**Task instructions**. Would you restate the listing word for word, with the images omitted?

**Information supplied**.
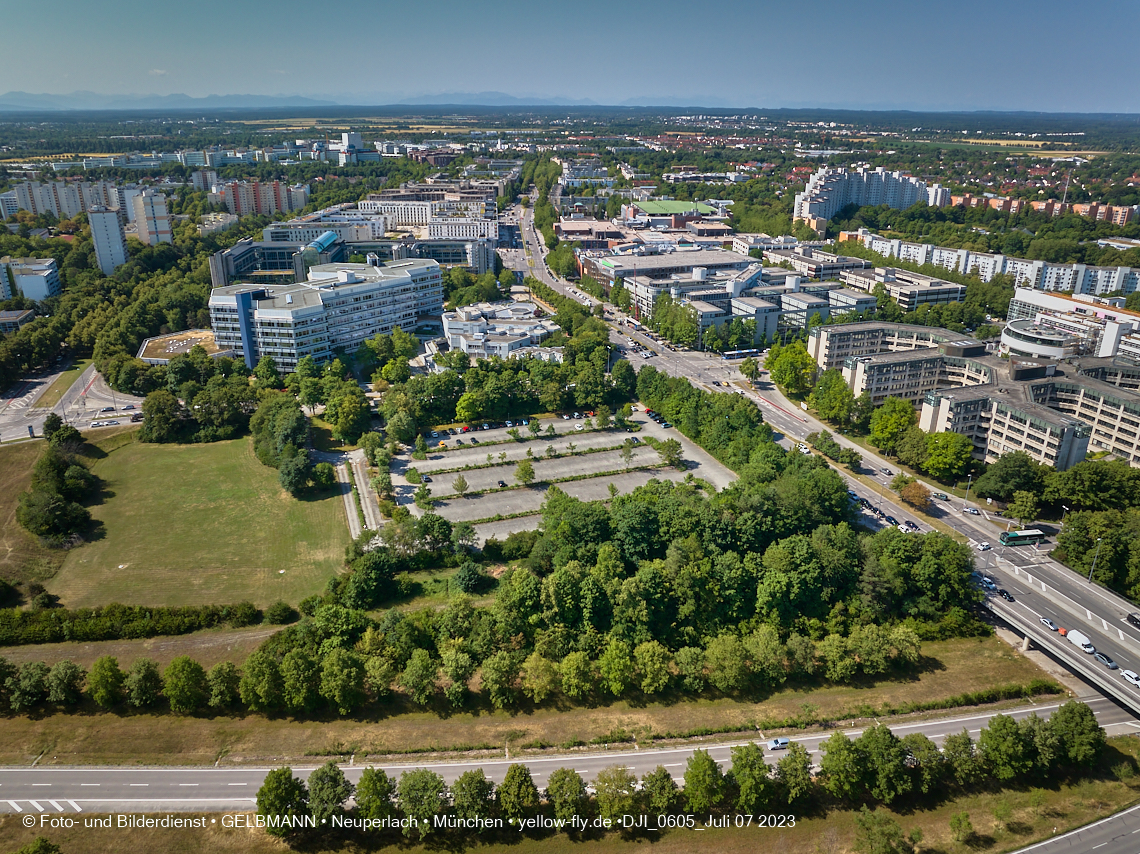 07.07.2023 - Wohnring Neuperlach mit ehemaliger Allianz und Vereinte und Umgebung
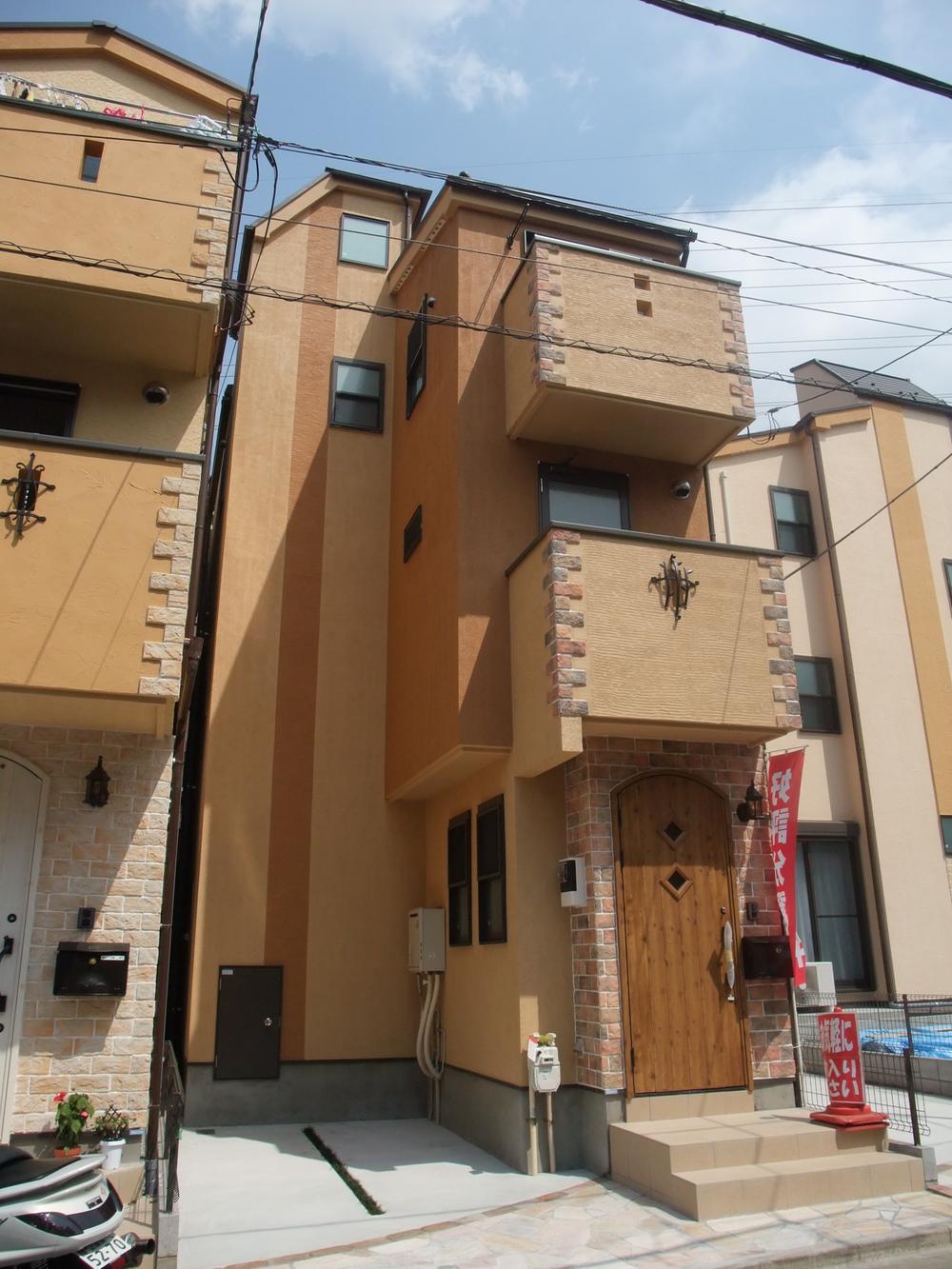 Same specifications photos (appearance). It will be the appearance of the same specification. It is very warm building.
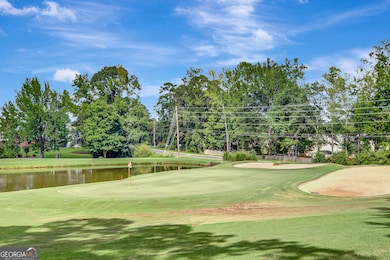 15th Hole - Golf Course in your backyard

**Reply to the exercise**.
 07.07.2023 - Wohnring Neuperlach mit ehemaliger Allianz und Vereinte und Umgebung
 Same specifications photos (appearance). It will be the appearance of the same specification. It is very warm building.
 15th Hole - Golf Course in your backyard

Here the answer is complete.